The Mediation Role of Self-Esteem for Self-Stigma on Quality of Life for People With Schizophrenia: A Retrospectively Longitudinal Study
Short Summary
People with schizophrenia usually suffer from their psychotic symptoms and impaired social functioning. Therefore, their health outcomes are generally lower than that of the general population. The subjective quality of life or S-Q-o-L (SQoL) is one of the most important outcomes among the impaired health-related outcomes for people with schizophrenia. The World Health Organization defines SQoL as a broad-ranging concept containing the following dimensions: physical health, psychological health, social relationships, and salient features in the individual's environment. Therefore, SQoL could be used as an indicator of health outcomes for people with mental illness. Among patients with schizophrenia, there is evidence of a negative association between self-stigma and subjective quality of life. Self-esteem is also an important mediator in this association. In this article, the researchers attempted to use a longitudinal study to investigate the aforementioned mediation on a sample with schizophrenia.
The researchers used longitudinal data retrieved from medical records of a psychiatric center between June 2014 and December 2015. In the data, they retrieved information of self-stigma using the Self-Stigma Scale; and self-esteem using the Rosenberg Self-Esteem Scale. All the measures were evaluated five times. Linear mixed-effect models accompanied by Sobel tests were used to tackle the mediating effects.
Data from 74 patients with schizophrenia were eligible for analysis; their mean age was 39.53 while the mean age of onset was 22.95. Self-esteem was a mediator for patients in physical, psychological , and social SQoL; but not in environment SQoL. The results agree with previous findings that self-stigma reduces the self-esteem of an individual with mental illness. Also, these findings were aligned with studies that found negative impacts of self-stigma on an individual's SQoL. It also agrees with the mediation model that self-esteem is a mediating factor between an individual's self-stigma and his or her SQoL. However, the mediated effect of self-esteem between self-stigma and environment SQoL was not fully supported by the Sobel test.
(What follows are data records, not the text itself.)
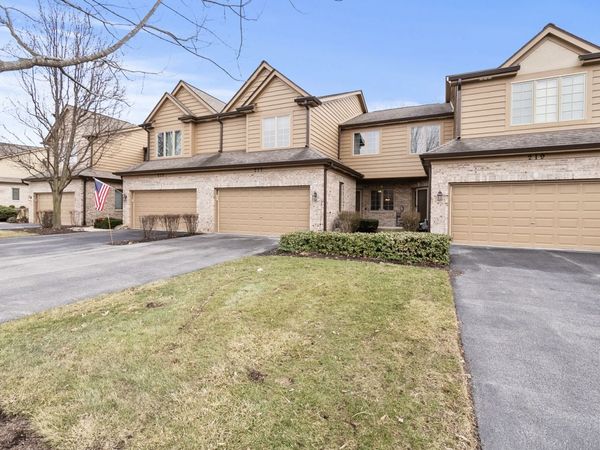 217 Winding Trails Drive , Willow Springs, IL 60480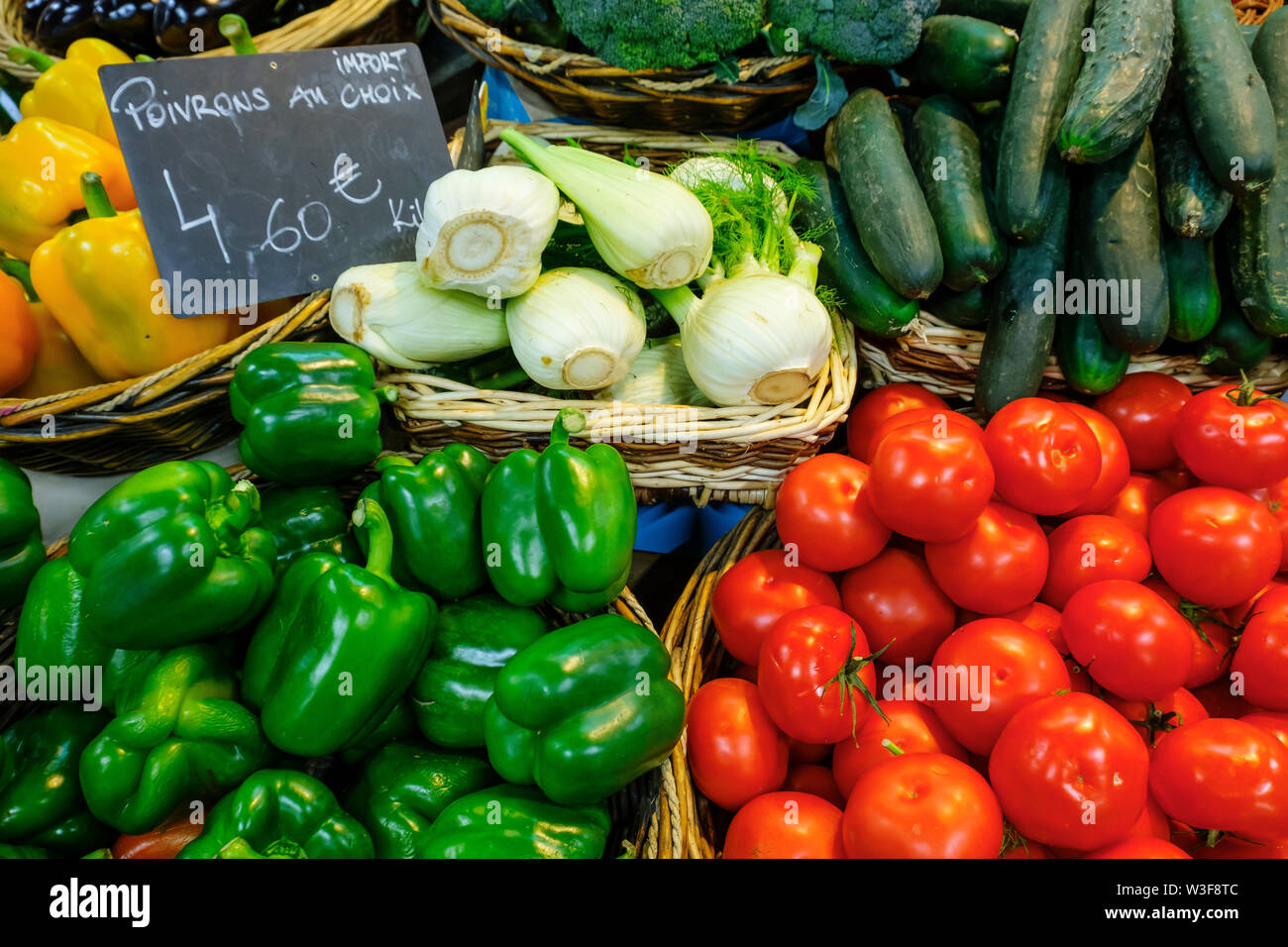 Varie verdure, pomodori, peperoni verdi, peperoni gialli, finocchio, zucchine, melanzane, broccoli. Marché des cappucini mercato. Bordeaux, Gironde. Aqu Foto Stock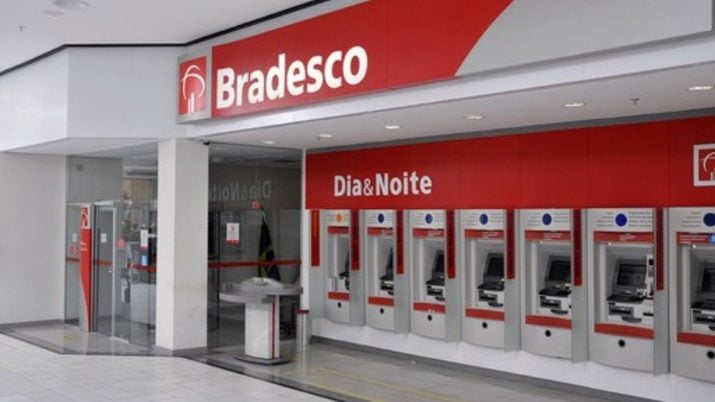 Caixas eletrônicos do Bradesco BBDC4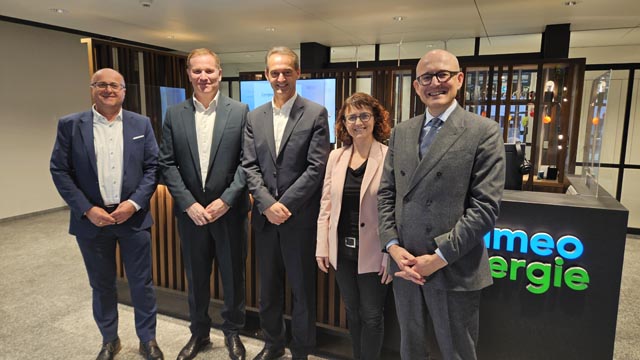 Von links: Daniel Arnold, Senior Investment Manager, Swiss Life, Beat Huber, Head Infra Equity Schweiz, Swiss Life, Riccardo Pozzi, Geschäftsführer Primeo Greenpower AG, Monika Egger, Leiterin Financial Services Primeo Energie, und Cédric Christmann, CEO Primeo Energie. Foto: zvg/Primeo Energie.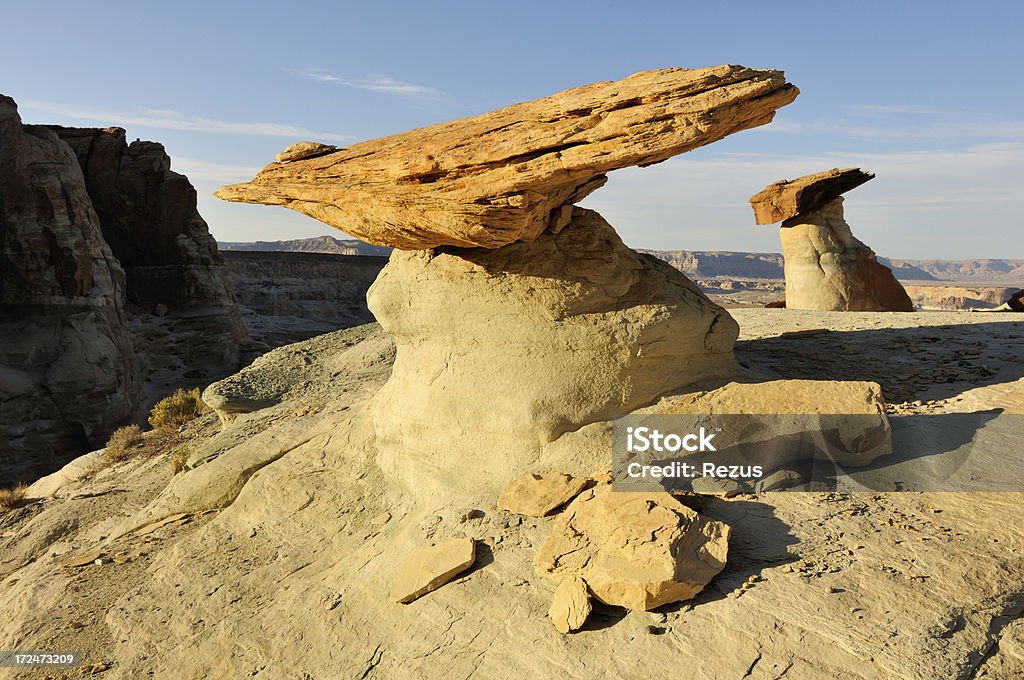 Vivace paesaggio con borchia hoodoos a cavallo Point, Arizona, Stati Uniti - Foto stock royalty-free di Ambientazione esterna
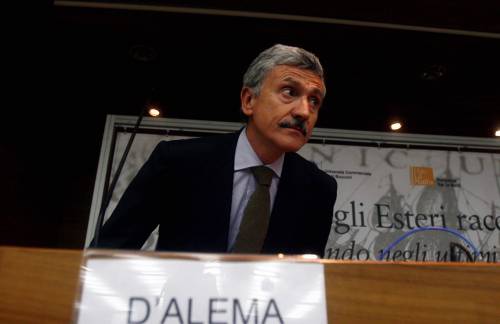 D'Alema eletto all'unanimità presidente Copasir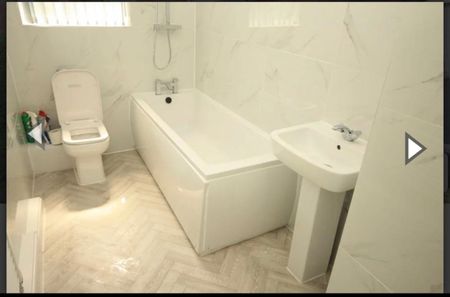 3 Bed Terraced House, Abbeydale Road, S7 - Photo 4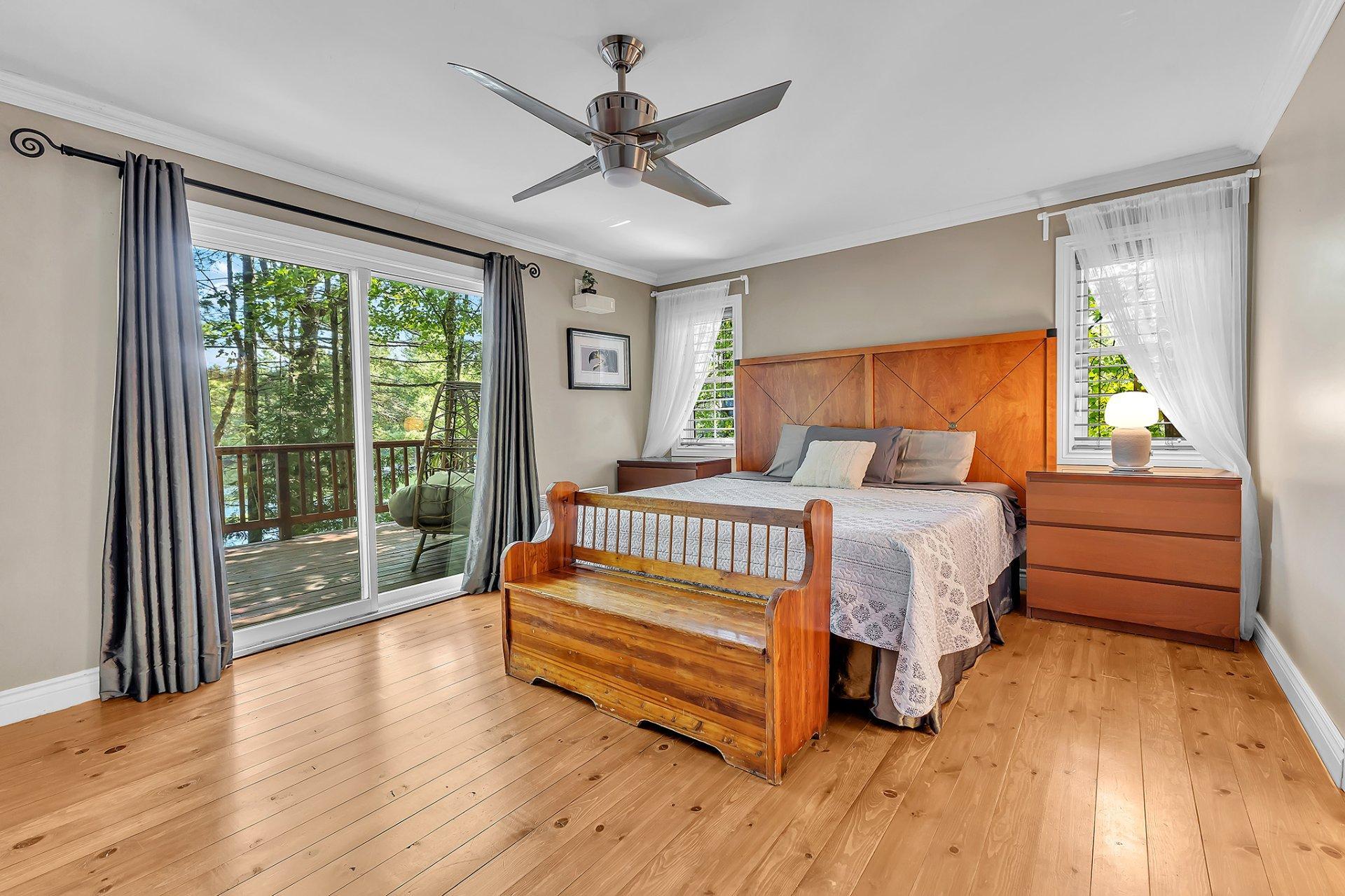 









24


Ch. du Lac-Barnes

,
Val-des-Monts,




QC
J8N6E4

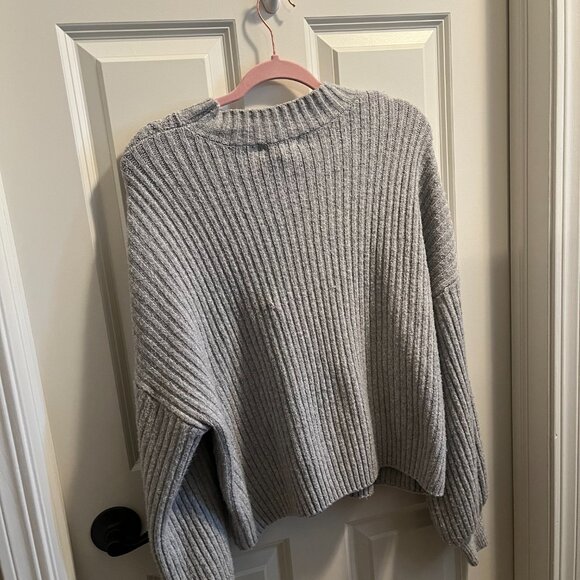 Forever 21 ULTRA SOFT Sweater - Picture 2 of 6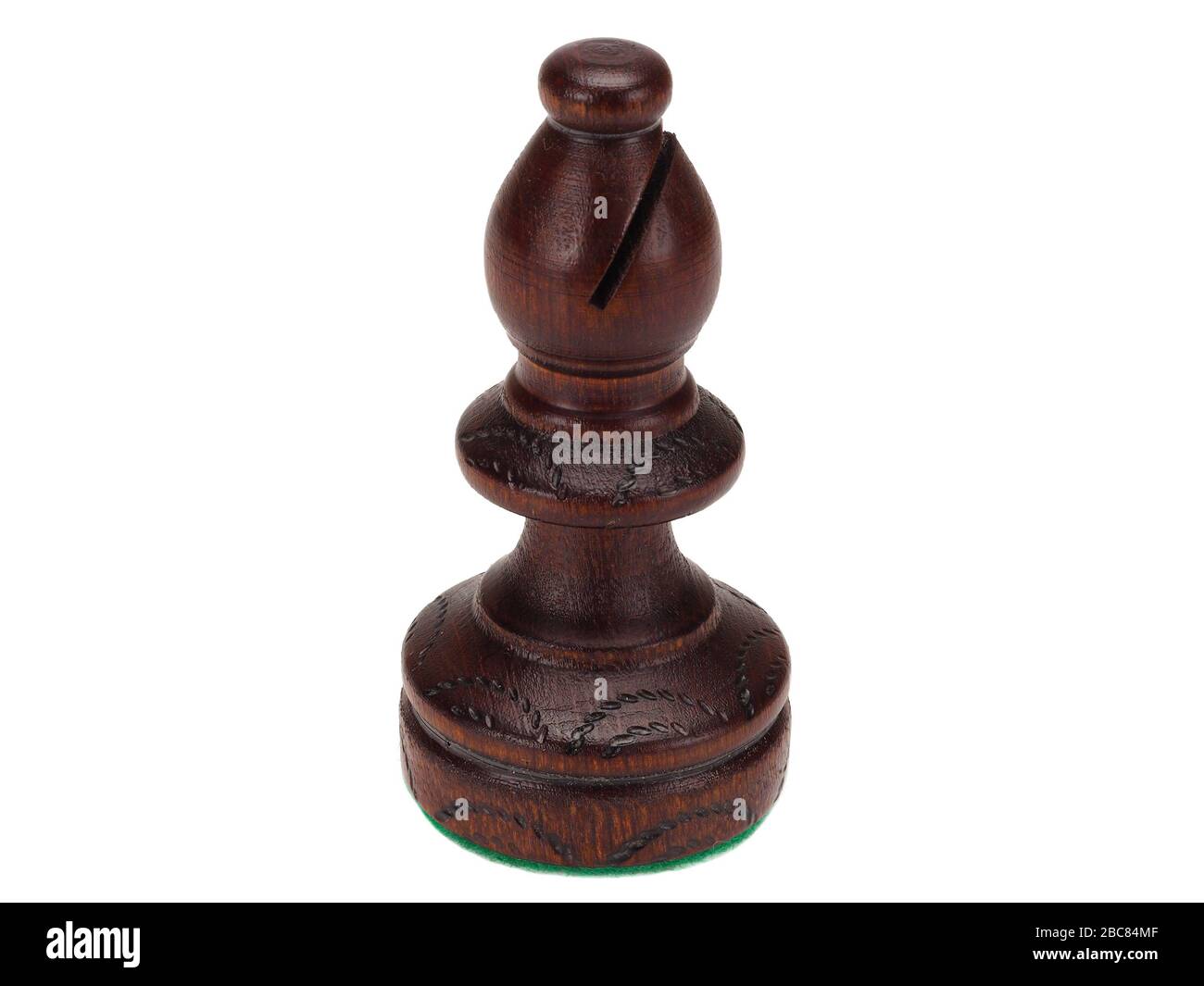 vescovo di scacchi fatto a mano su sfondo bianco Foto Stock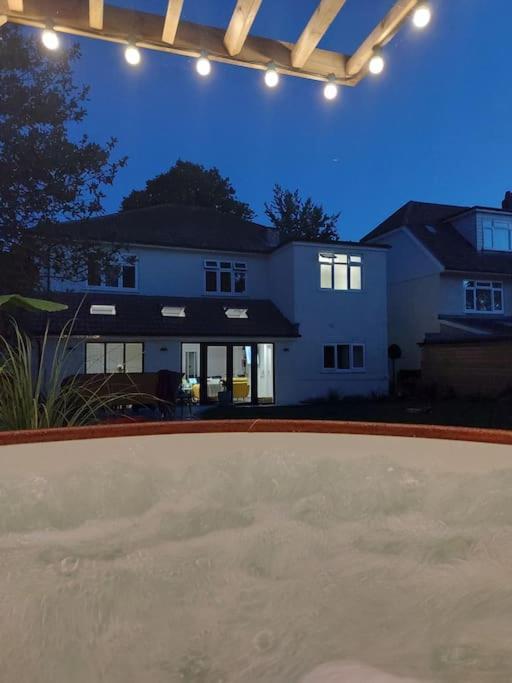 Beach House, With Bbq Lodge And Hot Tub! Bournemouth Eksteriør billede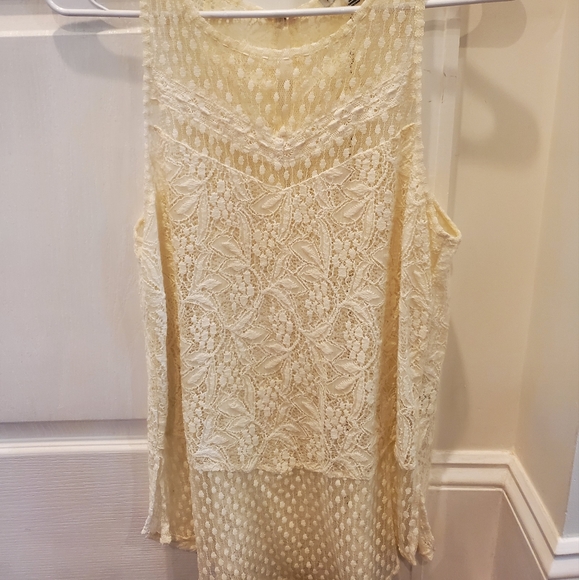 Lace tank - Picture 1 of 3
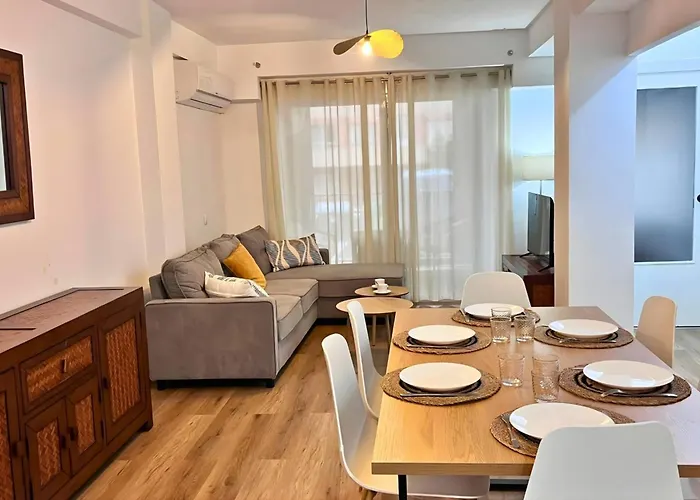 Spacious 3 Bedroom Renovated 500 M From The Beaches Apartment *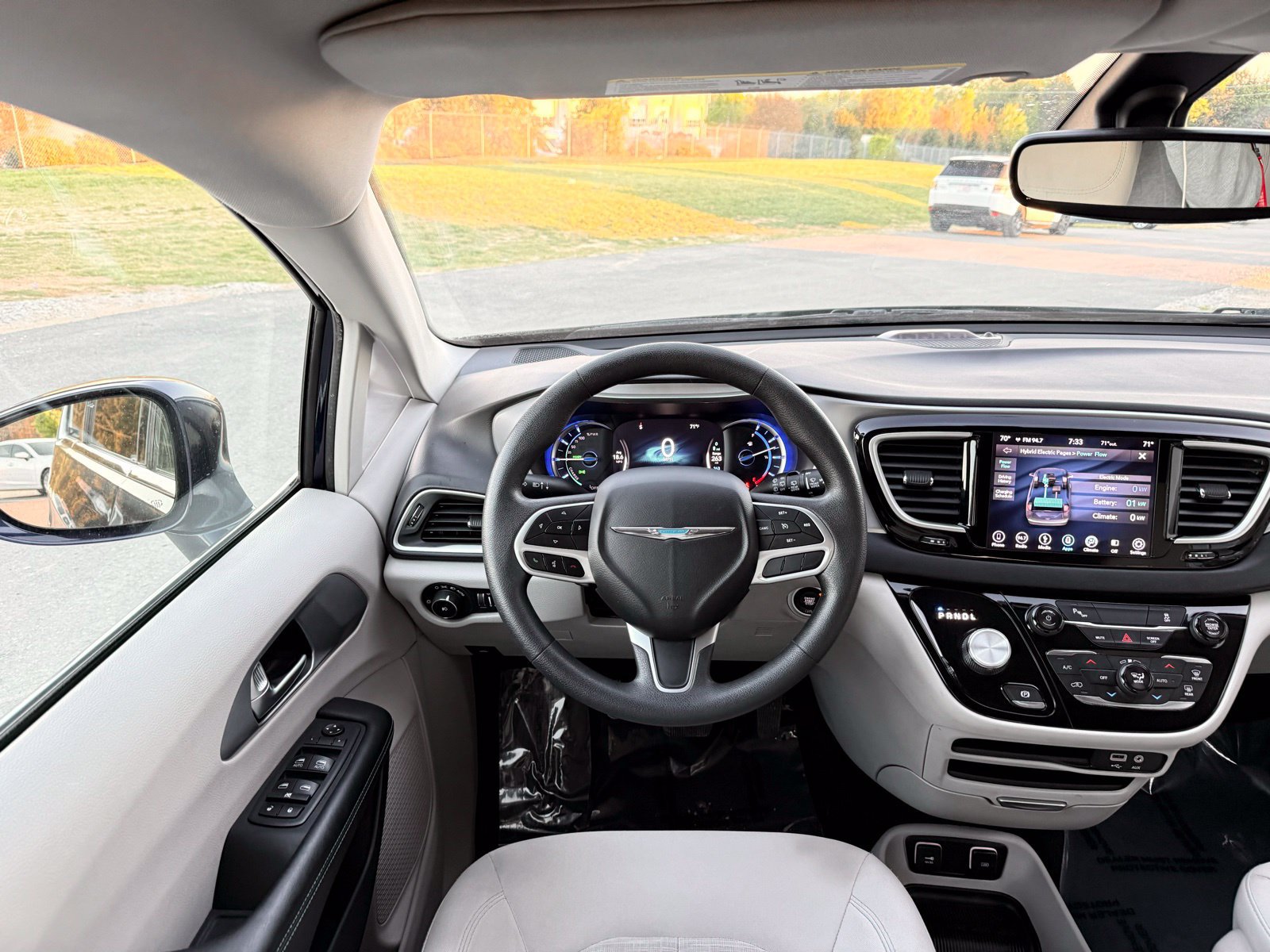 Used 2018 Chrysler Pacifica Touring Plus FWD image 32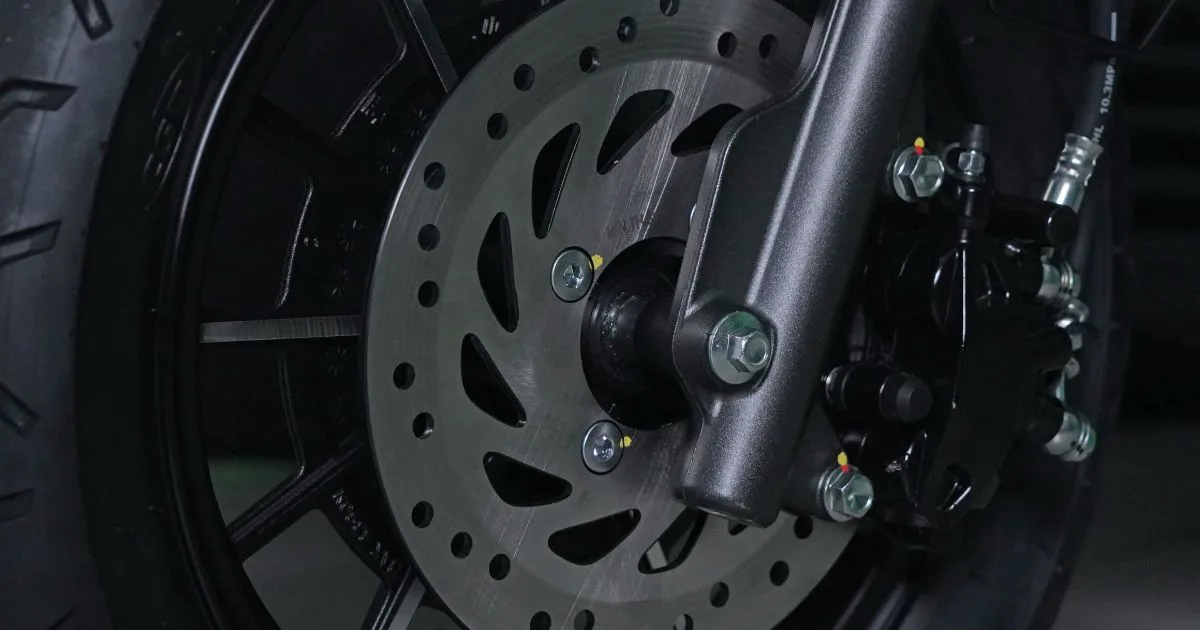 QJMOTOR E-LTR: Skuter Elektrik Mampu Milik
A possible explanation is the role of self-esteem under different cultures. A controversy is that different cultures may not value self-esteem similarly.
In conclusion, self-esteem mediated the causal relationship between self-stigma and the physical and psychological domains of the SQoL in people with schizophrenia. In this study, mediation models were supported for the physical, psychological, and social domains but not for the environment domain of an individual's SQoL. Some studies treated the SQoL as a unidimensional concept. This is beneficial when mental health professionals want to evaluate an individual's overall health and wellbeing. However, using different dimensions of SQoL can help mental health professionals design interventions to address specific needs. Moving forward, mental health professionals could tailor programs to patients with schizophrenia by providing self-stigma reduction and self-esteem improvement programs.